O Valor apurou que a estatal não vai parar os negócios que estão em vias de fechamento, o chamado “closing”. A lista poderia incluir a unidade de Lubrificantes e Derivados do Nordeste (Lubnor), ativos de produção de petróleo em águas rasas e a participação da estatal na transportadora de gás TBG, também acertada com o CADE. Uma fonte acrescentou que existe resolução do Conselho Nacional de Política Energética (CNPE) segundo a qual a Petrobras tem que sair do transporte de gás. A estatal já vendeu NTS e TAG.

Em nota divulgada ontem pela Federação Única dos Petroleiros (FUP), o coordenador-geral da entidade, Deyvid Bacelar, que integra do grupo de trabalho (GT) de Minas e Energia da equipe de transição, afirmou que é fundamental a suspensão de todo o atual processo de privatização de unidades da Petrobras, inclusive de operações em andamento, como a refinaria Isaac Sabbá (Reman), no Amazonas, e Lubnor. A nota da FUP diz que a Petrobras corre para concluir as operações de venda dessas refinarias.

O secretário-executivo da Associação Brasileira dos Produtores Independentes de Petróleo e Gás (Abpip), Anabal Santos Jr, avalia que o novo governo não deve alterar o plano em curso de venda de campos maduros ou que estão em declínio para petroleiras de menor porte e o assunto será bem conduzido pela equipe de energia. Segundo ele, o programa é exitoso, com resultados expressivos de geração de emprego e renda, bem como na produção de petróleo e gás pelas empresas independentes e que existem outras questões que demandam mais atenção por parte da Petrobras. “Eles vão ver que são coisas diferentes”, disse Santos.

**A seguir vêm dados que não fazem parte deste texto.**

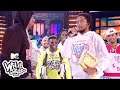 Conceited Makes Pivot Gang & New School Squad Eat Their Words 😂🙌 ft. Naughty By Nature | Wild 'N Out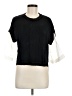 Piazza Sempione Black Cardigan Size EU (IT) 42 / US 6 - photo 1
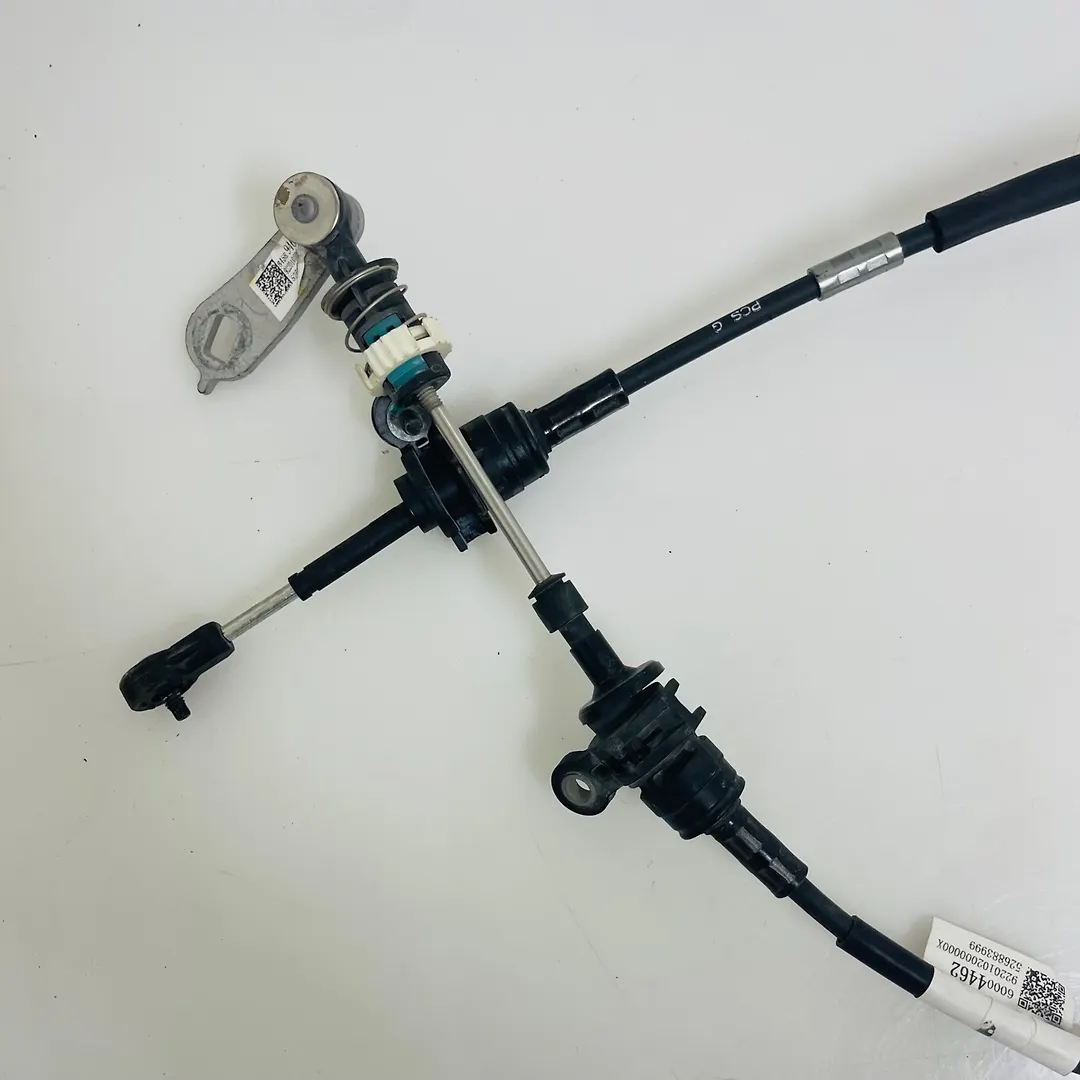 Transmission Shifter Cable - 2021 Chevrolet Trailblazer RS AWD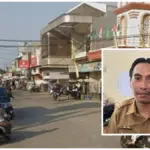 Infrastruktur kabupaten Cirebon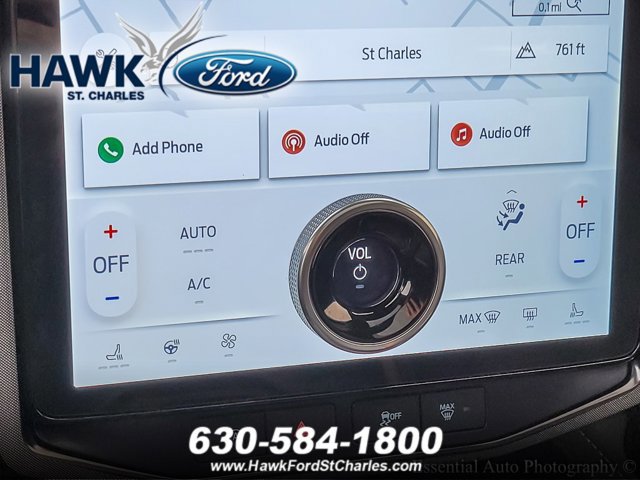 Certified 2022 Ford Expedition Platinum image 17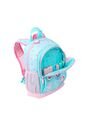 Morral Para Niña Dancing Rabbit S Azul de Totto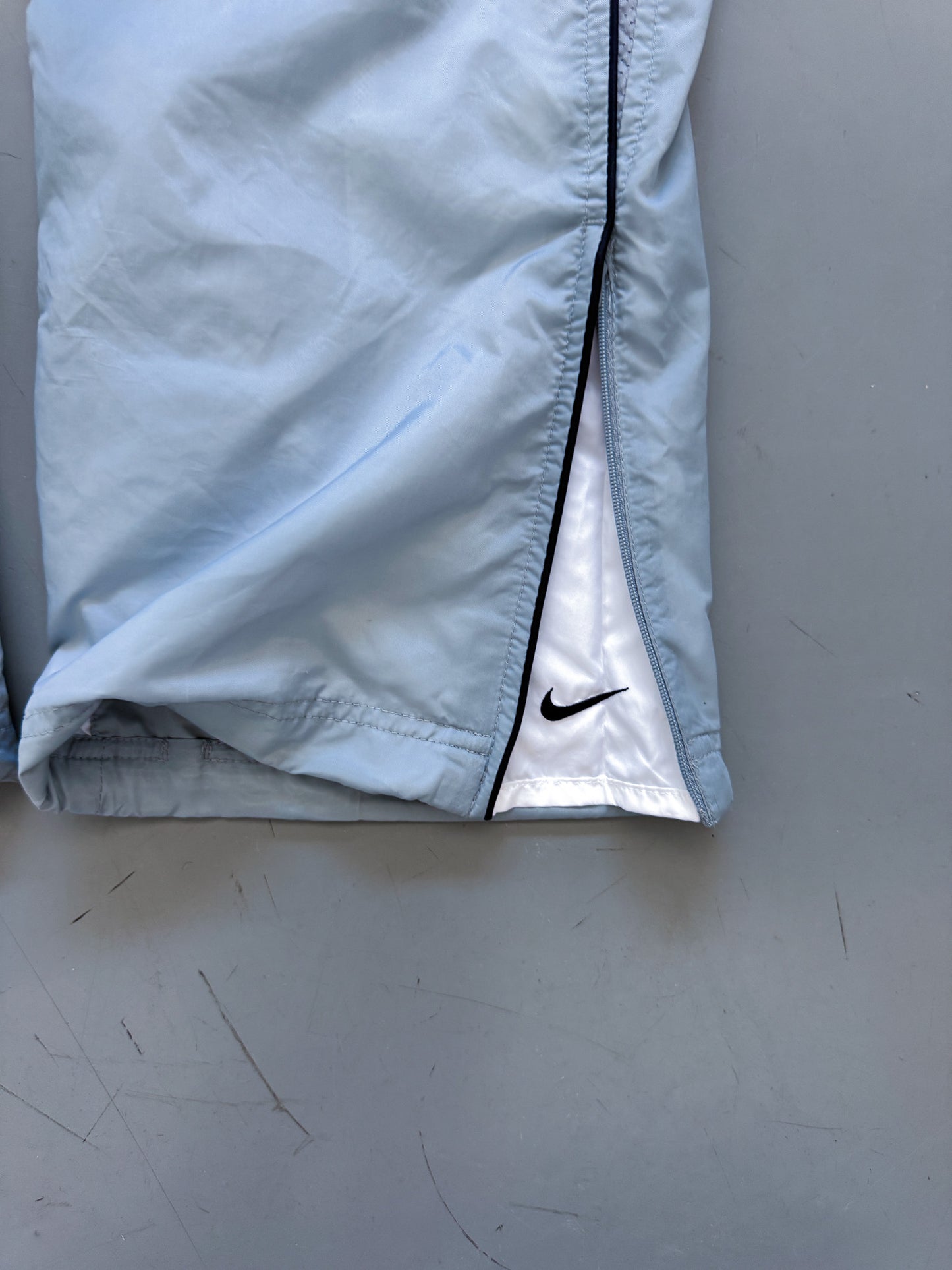 Nike Vintage Trackpants | XS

Na agenda do governo, a política de preços dos derivados de petróleo no mercado doméstico é outra questão a ser enfrentada. Fontes na Petrobras dizem que a atual política de preços da Petrobras vai passar por mudanças. Lula defendeu na campanha a adoção de uma política “abrasileirada” de preços, que dê menos peso ou não considere o mercado internacional na precificação dos combustíveis. Na terça-feira, no que pode ser considerada a primeira manifestação pública desde que passou a integrar o grupo de transição, o senador Jean-Paul Prates (PT-RN) afirmou que é o governo que deve dar as diretrizes de preços dos combustíveis, e não a Petrobras. “Eu sempre saliento isso: quem faz a política de preços, as diretrizes da política de preços, tanto dos combustíveis quanto das tarifas de eletricidade, por uma questão de política setorial, é o governo”, disse Prates. Ele é o principal cotado para presidir a Petrobras. As opiniões, entre fontes do setor, se dividem sobre se Prates seria aprovado nas instâncias internas de governança da Petrobras e se ele passaria pelo crivo da Lei das Estatais. Na terça, Mauricio Tolmasquim, que também integra o GT de energia da transição, disse a jornalistas que não há nenhuma decisão tomadasobre mudanças na política de preços de combustíveis.